It's not like a regular university, it's one of the largest universities in the nation. ASU has a total of four campuses located in Tempe, Downtown Phoenix, Glendale, and Mesa. Each campus has a different setup which creates a unique experience when visiting each one. So why just visit one when you can road trip to visit them all?

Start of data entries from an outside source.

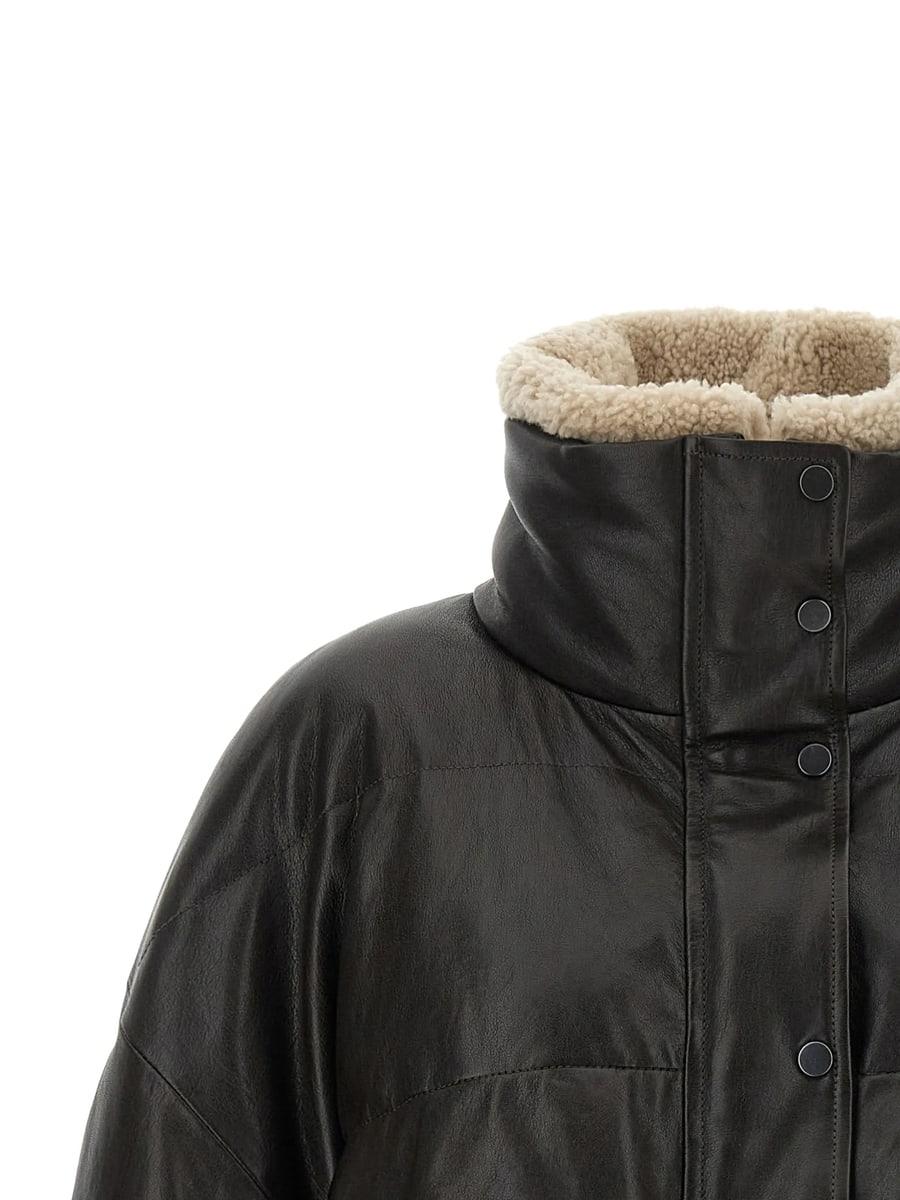 Brunello Cucinelli Brunello Cucinelli Quilted Leather Jacket, view 5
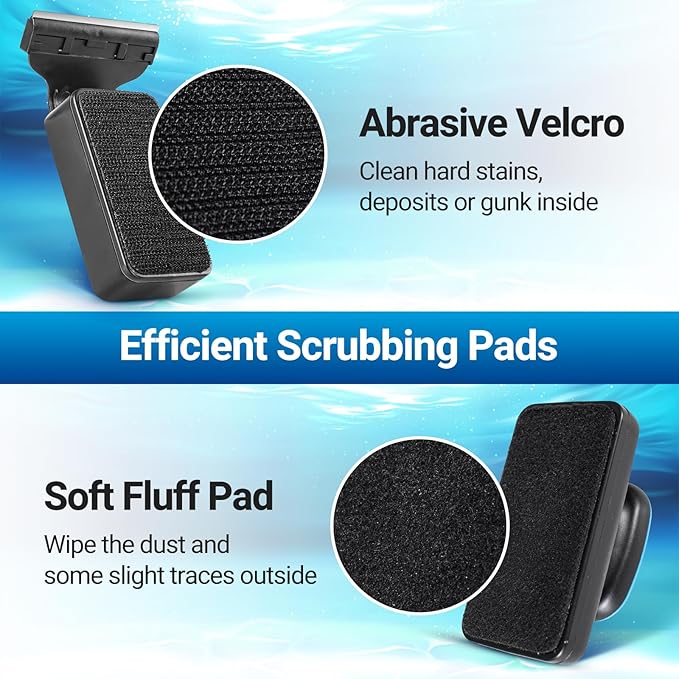 Yaubay Aquarium Magnet Glass Cleaner, Magnetic Fish Tank Cleaner with Algae Scraper, Double Sided Cleaning Scrubber Brush with Handle, Titanium Blade, Self-Floating, Fit Max 1/4" Thick Glass, Medium
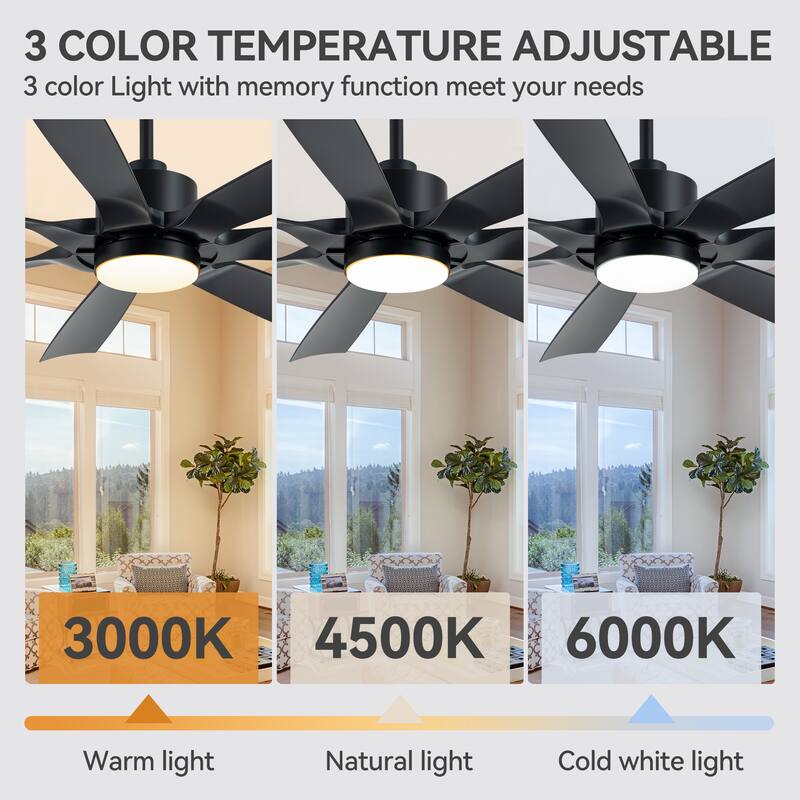 60" Mattle Black ABS 7-Blade LED Ceiling Fan with Light and Remote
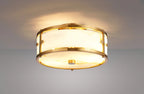 Luminosity Designs Ltd - Sherlock 25cm Round Ceiling, 2 Light E14, IP44, Brass with Faux Alabaster Glass - Luminosity Designs Ltd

Tons of options for caffeine addicts 

Starbucks? Yes. Dutch Bros? Yes. Cartel Coffee? Yes, and these are just the larger coffee companies located on almost every campus. There are also smaller coffee shops sprinkled throughout the ASU campuses that give you plenty of options to get your fix.

Food Options

The Tempe campus alone offers numerous options for food both directly on campus and in the surrounding community. You can enjoy fast-food options like Chick-fil-A, Qdoba, Einstein Bagels, and many others on and around campus, and sit-down restaurants like Postinos and Snooze on College Ave. Whatever you're in the mood for, ASU has options for you.

Stadiums close by

Tempe campus is within walking distance of ASU's football and basketball stadiums. Downtown Phoenix is a short light-rail trip away from ASU's baseball stadium, and also happens to be within walking distance away from Chase Field, home of the Arizona Diamondbacks. In the springtime, many Spring Training baseball stadiums are within close vicinity to many of the ASU campuses. Lots of options, so little time!

Night-life

Ever heard of a little place called Mill Avenue? Literally right down the street from the Tempe campus. Downtown Scottsdale is another great spot for nightlife adventures and is merely a 15-minute drive from Tempe. Rumor has it there may or may not be a shuttle that will even take you between the two places. Don't believe me? Come check it out for yourself.

Shopping

Tempe Marketplace, Scottsdale Fashion Square, and Cityscape in Downtown are some of the few places with lots of different shopping options close to the different campuses. With so many options, it's very tempting to go and spend hours roaming the stores.

Palm trees galore

Most importantly, ASU is home to the infamous Palm Walk. It's the perfect spot to take a walk through campus, and even take some Insta worthy photos! Plus, how could you look at a bunch of palm trees and not just feel so happy? Factor in some warm weather and sunshine, and it's a perfect mini sight-seeing opportunity.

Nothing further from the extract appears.